Kementerian Perindustrian menilai keputusan Manajemen PT Sepatu Bata Tbk untuk menutup pabriknya di Purwakarta, Jawa Barat, merupakan langkah yang kurang tepat mengingat pertumbuhan industri sepatu dalam negeri yang meningkat. Direktur Industri Tekstil, Kulit, dan Alas Kaki (ITKAK) Kemenperin, Adie Rochmanto Pandiangan, menyatakan bahwa industri sepatu nasional mengalami pertumbuhan sebesar 5,9 persen secara tahunan pada triwulan I 2024.
Pertumbuhan ini dipicu oleh kebijakan pengendalian impor barang jadi, jaminan bahan baku, serta regulasi larangan dan pembatasan (Lartas) untuk barang konsumsi alas kaki. Adie juga mencatat peningkatan ekspor sebesar 0,95 persen, penurunan impor sebesar 1,38 persen, serta kinerja Indeks Kepercayaan Industri (IKI) yang terus meningkat sejak November 2023 hingga Februari 2024.
Keberlakuan kebijakan Lartas dianggap sebagai angin segar bagi industri dalam negeri untuk terus meningkatkan produksinya. Salah satu alasan penutupan pabrik Sepatu Bata adalah inefisiensi produksi dan produk yang tidak sesuai dengan selera konsumen, sehingga perusahaan memilih fokus pada lini bisnis ritel.
Sebelum ditutup, pabrik Sepatu Bata hanya menyisakan 233 karyawan dengan produksi hanya mencapai 30 persen dari kapasitasnya. Produksi pabrik juga mengalami penurunan dari 3,5 juta pasang pada tahun 2018 menjadi 1,15 juta pasang pada tahun 2023. Hal ini menyebabkan peningkatan kerugian, penurunan nilai aset, penurunan ekuitas, dan peningkatan liabilitas setiap tahun.

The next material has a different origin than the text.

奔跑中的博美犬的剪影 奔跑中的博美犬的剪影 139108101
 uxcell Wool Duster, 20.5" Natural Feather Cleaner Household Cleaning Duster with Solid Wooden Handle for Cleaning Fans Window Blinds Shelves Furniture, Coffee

Namun, dengan kondisi perusahaan yang membaik, diharapkan PT Sepatu Bata dapat membuka kembali pabriknya di Indonesia dengan kapasitas yang lebih besar. Pemerintah juga terus mendorong peningkatan ekspor dari produksi dalam negeri sebagai bagian dari rantai pasok global merek Bata bersama afiliasinya di luar negeri.